El Gato Chimney Untitled 2014
Stephen Romano Gallery has been on such a roll. I so appreciate how Romano's curatorial eye is eclectic and strata-agnostic, pulling from all different regions, scenes, media, price points, and career points in order to tell the most interesting imagery story he can. It's an unusual method for a gallerist, and one that's sympatico with my own. Plus, he happens to be a highly exuberant and sanguine human - another rarity in the art world.
His next group show, "Abundantia Cornu Copiae" opens tonight, and it is an exploratory celebration of abundance and cornucopian concepts. It also features work by such greats as Lori Field, Martin Wittfooth, and Jacob Böhme:
"Abundantia Cornu Copiae"
December 4 - January 15 2015
Opens December 4, 6 - 9 pm
Stephen Romano Gallery is pleased to present "Abundantia Cornu Copiae"
The exhibiton is a horn of plenty in itself, celebrating the enrichment that is brought to us through culture.
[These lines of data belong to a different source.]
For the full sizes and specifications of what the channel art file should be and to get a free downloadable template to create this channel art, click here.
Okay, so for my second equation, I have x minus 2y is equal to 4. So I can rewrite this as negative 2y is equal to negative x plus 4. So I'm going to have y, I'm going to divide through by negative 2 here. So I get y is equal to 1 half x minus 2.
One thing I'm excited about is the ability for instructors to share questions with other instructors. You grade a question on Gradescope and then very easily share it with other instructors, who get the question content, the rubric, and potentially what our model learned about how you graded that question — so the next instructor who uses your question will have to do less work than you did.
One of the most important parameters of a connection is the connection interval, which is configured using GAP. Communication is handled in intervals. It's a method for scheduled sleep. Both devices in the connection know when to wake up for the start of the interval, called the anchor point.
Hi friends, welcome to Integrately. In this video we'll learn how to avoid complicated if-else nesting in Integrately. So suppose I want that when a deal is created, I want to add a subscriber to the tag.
"The cornucopia (from Latin cornu copiae) or horn of plenty is a symbol of abundance and nourishment, commonly a large horn-shaped container overflowing with food.
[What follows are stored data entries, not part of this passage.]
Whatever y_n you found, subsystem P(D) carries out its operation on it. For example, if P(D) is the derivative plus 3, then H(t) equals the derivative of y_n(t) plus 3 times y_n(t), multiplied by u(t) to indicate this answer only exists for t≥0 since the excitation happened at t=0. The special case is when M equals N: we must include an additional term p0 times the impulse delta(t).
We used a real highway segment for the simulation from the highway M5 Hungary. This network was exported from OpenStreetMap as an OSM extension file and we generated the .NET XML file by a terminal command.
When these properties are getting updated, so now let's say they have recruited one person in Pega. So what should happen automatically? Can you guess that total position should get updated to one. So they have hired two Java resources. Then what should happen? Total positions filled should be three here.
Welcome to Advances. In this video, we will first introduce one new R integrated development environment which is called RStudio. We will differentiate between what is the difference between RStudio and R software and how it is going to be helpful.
Mythology offers multiple explanations of the origin of the cornucopia. One of the best-known involves the birth and nurturance of the infant Zeus, who had to be hidden from his devouring father Cronus. In a cave on Mount Ida on the island of Crete, baby Zeus was cared for and protected by a number of divine attendants, including the goat Amalthea ("Nourishing Goddess"), who fed him with her milk. The suckling future king of the gods had unusual abilities and strength, and in playing with his nursemaid accidentally broke off one of her horns, which then had the divine power to provide unending nourishment, as the foster mother had to the God.
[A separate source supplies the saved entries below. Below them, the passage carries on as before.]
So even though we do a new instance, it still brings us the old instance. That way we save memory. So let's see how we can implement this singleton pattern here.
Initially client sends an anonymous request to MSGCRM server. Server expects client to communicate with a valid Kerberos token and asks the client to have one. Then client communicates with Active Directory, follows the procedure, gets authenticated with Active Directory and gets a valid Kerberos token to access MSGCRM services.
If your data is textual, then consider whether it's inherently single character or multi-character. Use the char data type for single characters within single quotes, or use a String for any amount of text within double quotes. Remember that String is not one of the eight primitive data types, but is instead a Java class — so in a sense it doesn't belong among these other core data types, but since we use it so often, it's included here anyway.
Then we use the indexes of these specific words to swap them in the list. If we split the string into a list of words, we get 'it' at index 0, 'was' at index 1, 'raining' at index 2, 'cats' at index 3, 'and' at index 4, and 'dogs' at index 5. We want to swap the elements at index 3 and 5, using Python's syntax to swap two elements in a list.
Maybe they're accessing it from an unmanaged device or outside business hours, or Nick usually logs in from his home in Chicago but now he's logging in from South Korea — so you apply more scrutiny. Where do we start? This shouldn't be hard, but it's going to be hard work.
The cornucopia became the attribute of several Greek and Roman deities, particularly those associated with the harvest, prosperity, or spiritual abundance, such as personifications of Earth (Gaia or Terra); the child Plutus, god of riches and son of the grain goddess Demeter; the nymph Maia; and Fortuna, the goddess of luck, who had the power to grant prosperity. In Roman Imperial cult, abstract Roman deities who fostered peace (pax Romana) and prosperity were also depicted with a cornucopia, including Abundantia, "Abundance" personified, and Annona, goddess of the grain supply to the city of Rome.Pluto, the classical ruler of the underworld in the mystery religions, was a giver of agricultural, mineral and spiritual wealth, and in art often holds a cornucopia to distinguish him from the gloomier Hades, who holds a drinking horn instead."
Featuring works by:
Shawn Thornton, Cecilia Avendaño, El Gato Chimney, Sas Christian, Aunia Kahn, Lori Field, Judith Scott, Erna Kd, Darcilio Lima, Joseph McVetty, C.T. McClusky, Hannah Faith Yata, Pulu Zhao, Teiji Hayama, Adam Miller, Charles Dellschau, Rithika Merchant, Jacob Böhme, Michael Anderson, Ray Robinson, Kalyana Thiru, Martin Ramirez, Joel Lorand, Dan Barry, Morton Bartlett, Tine Kindermann, Robert Bowen, Masae Shimoichi, Gigi Chen, Eric Richardson, William A. Blayney, Jana Brike, Steven Bradshaw, Martin Wittfooth.
Stephen Romano Gallery
111 Front Street Suite 208, Brooklyn NY 11201
Gallery hours wed - sat 12 - 6 or by appointment
Sounds tasty indeed! Looking forward to this one.